• [DATASET CONTENT]
==============================
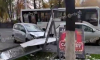В центре Воронежа машина влетела в рекламный стенд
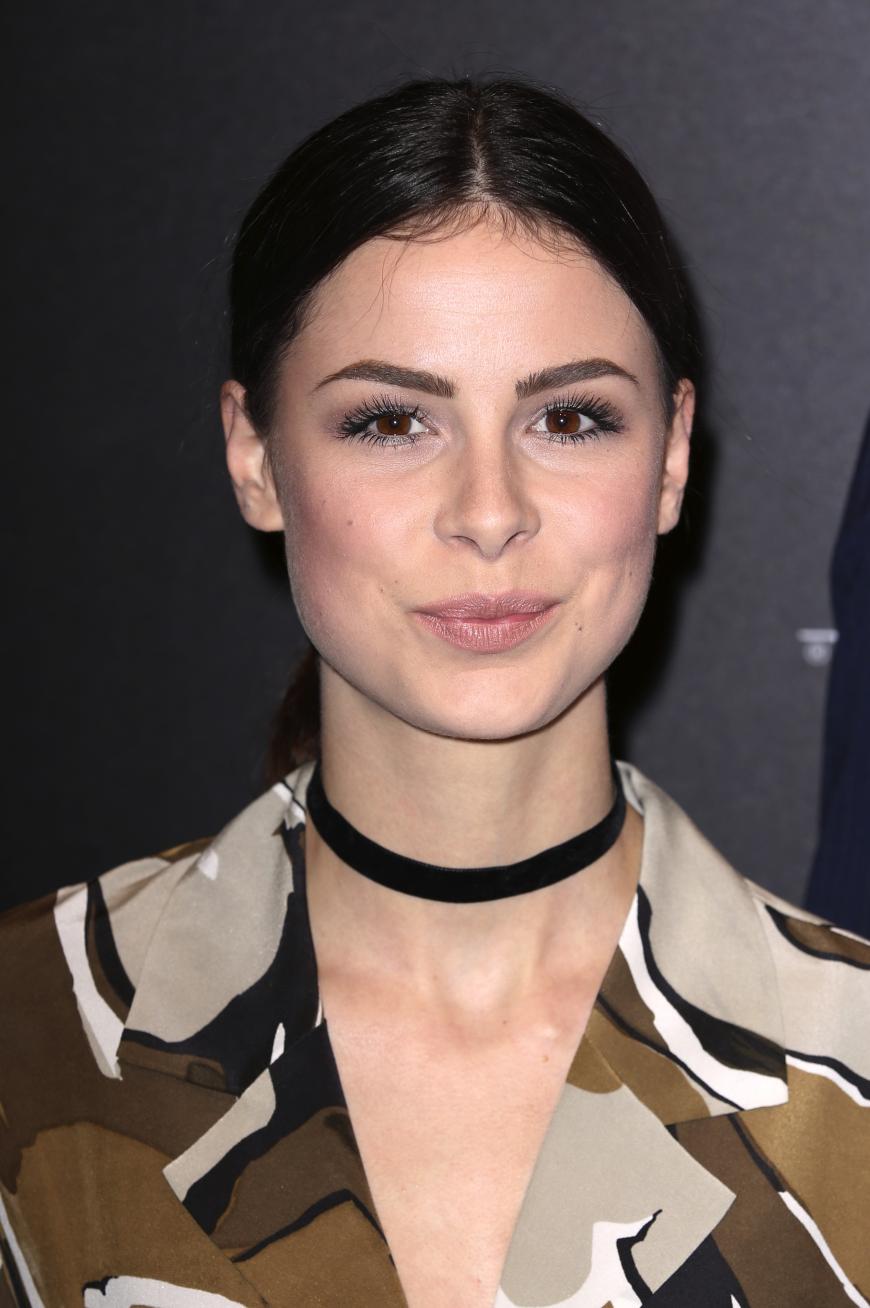 Die Sangerin Liebt Veranderungen Kurzer Prozess Lena Meyer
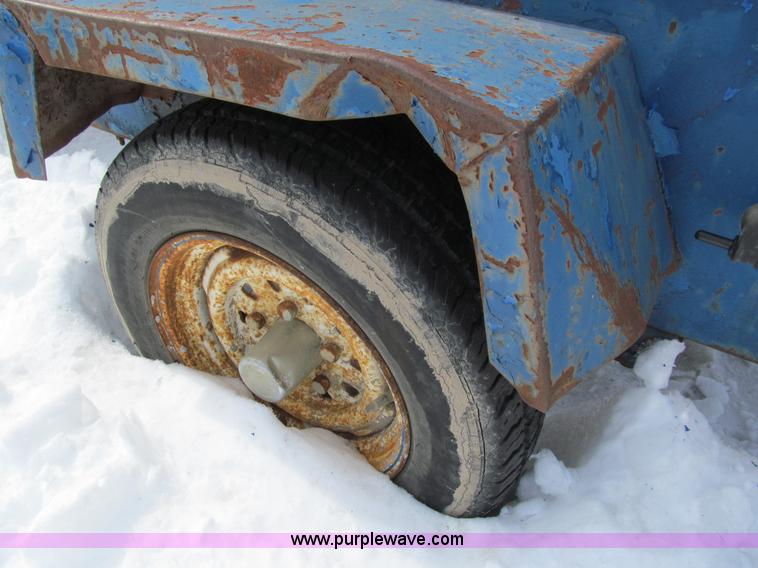 image for item I9846 Air compressor and welder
==============================
• [PROBLEM DESCRIPTION] When a picture appears in the material, please pass over it while retyping the rest exactly.

• [WRITTEN RESPONSE]
В центре Воронежа машина влетела в рекламный стенд
 Die Sangerin Liebt Veranderungen Kurzer Prozess Lena Meyer
 image for item I9846 Air compressor and welder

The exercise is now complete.